Elimination of DMAS Level 3 Pend Program for Emergency Services
This issue requires State funding to be implemented. Budget Amendments have been introduced in the Senate by Senator Edd Houck, supported by Senators Ken Stolle, Russ Potts and Benny Lambert, and in the House by Delegate Phil Hamilton.
Background
In the 1990’s, DMAS established a “Pend” program whereby ALL claims for emergency department services (Levels 1 through 5, i.e. EM codes 99281 through 99285 which indicate the lowest to highest level of care for billing purposes) were individually reviewed to help assure clients were not abusing emergency department services and that services provided in the Emergency Department setting met the Prudent Layperson standard.
Services that met DMAS standards were paid at the current emergency services rates; however services that did not met those standards were downcoded by DMAS and paid at a flat, non-emergency rate, regardless of the level of service provided. This payment determination is then applied to the hospital bill.

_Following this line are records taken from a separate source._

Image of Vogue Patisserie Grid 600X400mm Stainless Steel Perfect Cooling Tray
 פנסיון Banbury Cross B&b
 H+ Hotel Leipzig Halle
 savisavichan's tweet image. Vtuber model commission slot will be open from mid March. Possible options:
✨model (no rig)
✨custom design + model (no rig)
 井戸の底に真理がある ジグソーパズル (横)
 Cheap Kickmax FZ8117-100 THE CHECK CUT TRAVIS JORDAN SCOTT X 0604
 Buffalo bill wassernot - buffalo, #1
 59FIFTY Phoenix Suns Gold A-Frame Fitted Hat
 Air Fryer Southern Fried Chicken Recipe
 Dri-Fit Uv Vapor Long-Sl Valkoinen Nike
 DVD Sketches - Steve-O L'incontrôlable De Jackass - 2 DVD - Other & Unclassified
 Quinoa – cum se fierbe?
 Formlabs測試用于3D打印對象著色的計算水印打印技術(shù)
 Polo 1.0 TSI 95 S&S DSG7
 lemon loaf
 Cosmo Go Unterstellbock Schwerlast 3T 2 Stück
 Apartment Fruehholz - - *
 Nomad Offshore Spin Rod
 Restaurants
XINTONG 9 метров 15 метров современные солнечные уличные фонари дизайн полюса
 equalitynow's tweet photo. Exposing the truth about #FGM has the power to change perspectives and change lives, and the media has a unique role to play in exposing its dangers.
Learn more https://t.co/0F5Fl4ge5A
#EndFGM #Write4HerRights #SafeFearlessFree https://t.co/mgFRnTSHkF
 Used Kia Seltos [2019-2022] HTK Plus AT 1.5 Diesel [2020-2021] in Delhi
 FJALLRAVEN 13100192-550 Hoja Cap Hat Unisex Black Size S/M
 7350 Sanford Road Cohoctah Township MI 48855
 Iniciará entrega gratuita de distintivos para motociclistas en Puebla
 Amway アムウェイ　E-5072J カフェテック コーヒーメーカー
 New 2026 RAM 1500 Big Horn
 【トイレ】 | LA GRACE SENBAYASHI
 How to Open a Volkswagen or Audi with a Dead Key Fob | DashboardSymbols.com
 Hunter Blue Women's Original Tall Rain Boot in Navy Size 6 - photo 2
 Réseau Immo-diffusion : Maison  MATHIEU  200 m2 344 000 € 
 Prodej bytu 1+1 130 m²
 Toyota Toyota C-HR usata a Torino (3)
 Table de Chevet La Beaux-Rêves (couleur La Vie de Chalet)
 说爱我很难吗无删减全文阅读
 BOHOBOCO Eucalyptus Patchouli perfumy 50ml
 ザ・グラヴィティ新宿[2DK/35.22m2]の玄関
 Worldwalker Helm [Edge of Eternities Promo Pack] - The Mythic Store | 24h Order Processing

In 2003, DMAS recognized that payment for the less urgent Level 1 and 2 physician services paid out at a slightly lower fee if these were automatically paid as emergency services vs. the non-emergency fee, which resulted in elimination of the Pend process for these visits.
DMAS, recognizing CMS guidance that Level 3, 4, and 5 physician services should be regarded as appropriate emergency services, agreed in April 2004 that Level 4 and 5 services would be automatically paid, resulting in administrative savings for both DMAS and physicians.